Гуляева: Сергей Васильевич открыл свой второй сезон и уже многое сделал, он приглашает режиссеров, которых знает и которым верит. У меня большая надежда на то, что он, насколько ему хватит сил, вернет Художественный к истокам, даже если немножко к ним приблизит — уже будет благодать. Наш театр надо чистить, отлаживать все механизмы, поднимать уровень актерского ремесла — это тяжелый и долгий труд.
В трудную минуту я приходила в фойе с портретами основателей и актеров, режиссеров, которых уже нет с нами. Марк Прудкин, Михаил Болдуман, Борис Ливанов. Вглядывалась в родные лица и мысленно разговаривала с ними: «Как Вы смотрите на то, что у нас творится? Почему не защитите свое детище? Где ваша энергия?» Энергия же никуда не исчезает, она остается, сублимируется, перенаправляется — это научный факт. Постепенно ситуация стала меняться и появилась надежда. Повезло же Вахтанговскому — туда пришел Римас Туминас, он обратился к корням. Теперь повезло и нам.
Я застала времена, когда каждый театр имел свое лицо, у Художественного оно тоже было. И назывался он МХАТ, а не МХТ. Статус «академического» заслужили несколько поколений великих артистов, они создали его славу. А потом от этого почетного звания, которое давалось крупнейшим и старейшим коллективам, решили отказаться, и стали нас спрашивать: «Ну как поживает ваш Мосхлебторг?» Один режиссер несколько лет назад сказал: «Что Вы носитесь с традициями МХАТа?» Не могу иначе — я в них родилась.
культура: В чем эти традиции?
Гуляева: В психологическом театре с подлинностью переживаний, с раскрытием «жизни человеческого духа», с принципом «перевоплощения» актера в образ, с уважением к автору — все по системе Станиславского. Знаете, его талантливые ученики — Вахтангов, Мейерхольд — те, которые потянулись к иной вере, уходили из Художественного и создавали свои театры. К нам же последние годы приходили все кому не лень и ставили не Островского, Тургенева, Чехова, а использовали их, делая себе имя. Если бы Антон Павлович увидел спектакль «Три сестры», где Ольгу насилуют гимназисты, — фамилии режиссера не назову, хотя хочется, — он бы вызвал постановщика на дуэль.

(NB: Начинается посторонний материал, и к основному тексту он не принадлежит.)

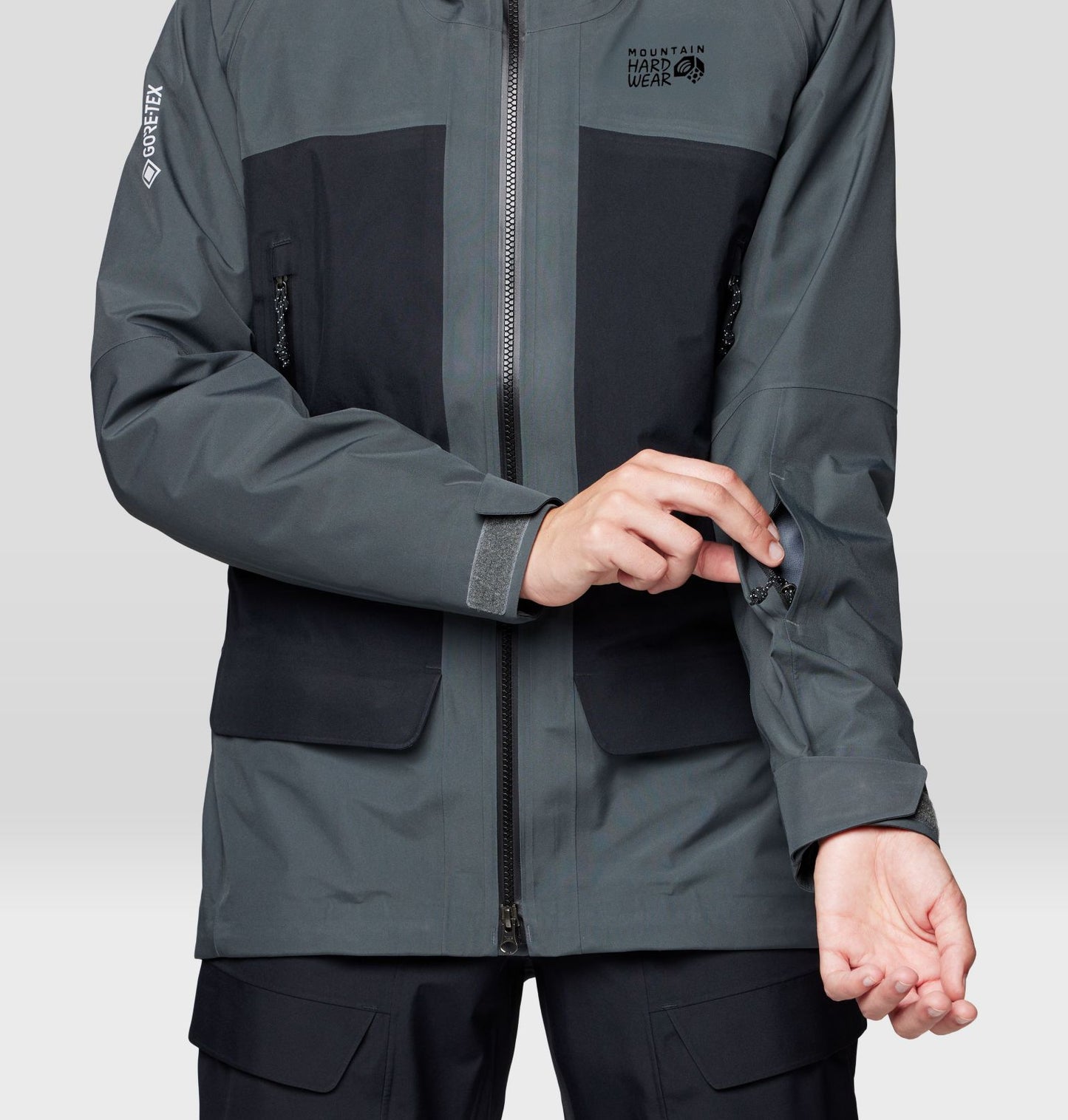 Women's Boundary Ridge™ GORE-TEX Jacket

культура: Скорее, у него бы сердце разорвалось…
Гуляева: Это точнее. Так топтать наше богатство — уголовщина, вредительство.

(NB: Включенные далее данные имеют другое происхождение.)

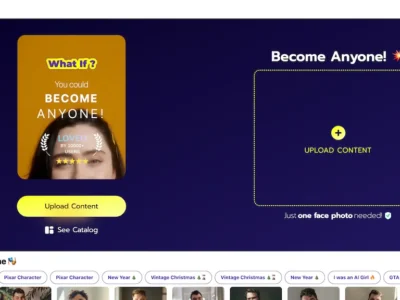 What If App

Еще одна традиция — долгая, кропотливая работа над спектаклем. Мы перенесли премьеру «Белых ночей» — просто не успели. Сейчас репетируют два-три месяца — и на сцену, а раньше вынашивали спектакль 8–9 месяцев, как ребенка. Зато у нас рождались хорошие здоровые дети. Мы возили их по всему миру, к нам приезжали перенимать опыт. В Театре Наций руководитель парижского театра «Одеон» Стефан Брауншвейг поставил «Дядю Ваню», и я узнала наш мхатовский метод. Увидев мое удивление, Брауншвейг объяснил: «Это же по Станиславскому. В Европе такой подход считается модным и прогрессивным». Может, школа переживания к нам вернется? Мы же падкие на моду.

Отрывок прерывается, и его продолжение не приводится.